Archaeologists believe they've discovered Aristotle's tomb
Aristotle is regarded as one of history's greatest philosophers
A Greek archaeologist believes he has discovered the tomb of Aristotle.
Konstantinos Sismanidis, who has been painstakingly excavating the ruins of Stagira since 1990, told CNN his team has very strong evidence the 2,400-year-old tomb belongs to the great philosopher.
Sismanidis said the structure, about 40 miles east of Thessaloniki, was built to honor Aristotle’s death in 322 B.C.
“It was constructed very rapidly,” he said. “It was in the center of the ancient city Agora.”
“We know that Aristotle died in Chalcis on the island of Euboea,” he explained. “But after some years, they took his ashes and placed them in a bronze vessel.”

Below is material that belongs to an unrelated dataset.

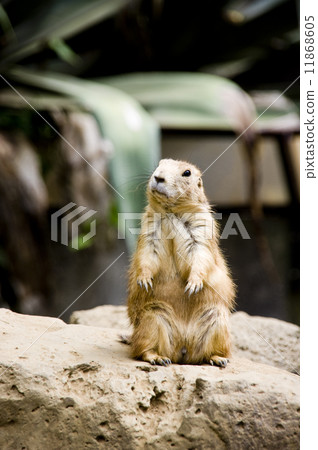 Cactar Park Prairie Dog Cactar Park Prairie Dog 11868605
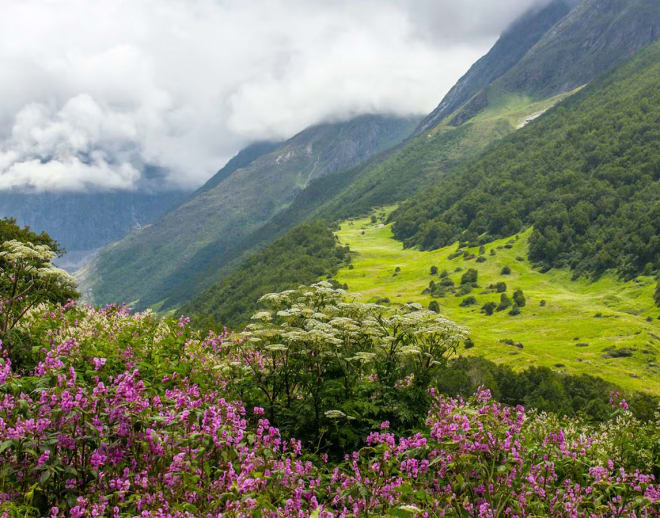 Ghangaria to Valley of Flowers Trek Image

“They brought his ashes to his birthplace and made an altar and a public building to celebrate Aristotle as a hero.”
He said the place was named “Aristoteleion,” and locals would gather every year to celebrate the life of Aristotle.
“So the thing is, the archaeologist data is in fine accordance with historical sources,” Sismanidis said.
The tomb, which dated back to the year of Aristotle’s death, had a marble floor and an altar inside, he said.
But the site was apparently tampered with when another tower was built.
“In the Middle Ages, they built a medieval tower inside the tomb, so this is why a lot of the archaeology data was destroyed,” said Sismanidis.
Aristotle, who was born in 384 B.C., was a student of Plato and is regarded as one of history’s greatest philosophers. He is credited with radically transforming many fields of knowledge, particularly in physics, metaphysics and logic.